Skip to content

Geo: Re-introduce the `Redownload` behaviour as a fallback to recover from repeated failed clone/fetch sync requests

Problem to solve

Geo used to have the ability to automatically Redownload repository if the clone/fetch request failed multiple time. The Redownload functionality uses tar to archive the repository and transfers it to the secondary Geo site. This was removed in 16.0 via an MR.

Recently we've seen some clone/fetch requests for repositories on the primary site take a long time due to the large number of keeparound refs in these repositories. Git spends a long time processing the request which results in various timeouts expiring along the call path before the request is completed by Git. We've also noticed subsequent requests to fetch changes take significantly less time to process. Reintroducing the Redownload behaviour will address the initial clone/fetch problems.

Proposal

Reintroduce the Redownload functionality. The functionality kicks in after 3 consecutive failed attempts to clone/mirror a repository.

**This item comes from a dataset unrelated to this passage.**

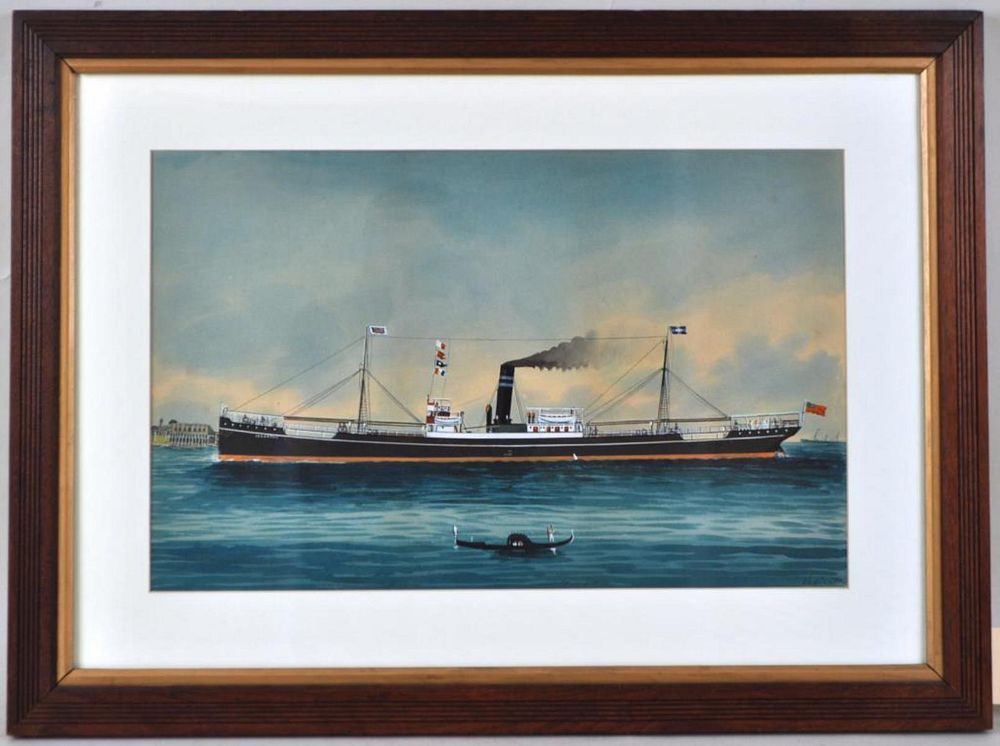 Appraisal: Italian Marine Paining Iolanthe G P unsigned Venice dated framed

Each time the functionality kicks in, an easily identifiable log message should be emitted so it's possible to detect this behaviour for troubleshooting purposes.

A redownload button should also be added to the project repositories replica view page next to the resync and reverify buttons for individual projects.

Intended users

Sidney (Systems Administrator)

Feature Usage Metrics

TBD

Does this feature require an audit event?

TBD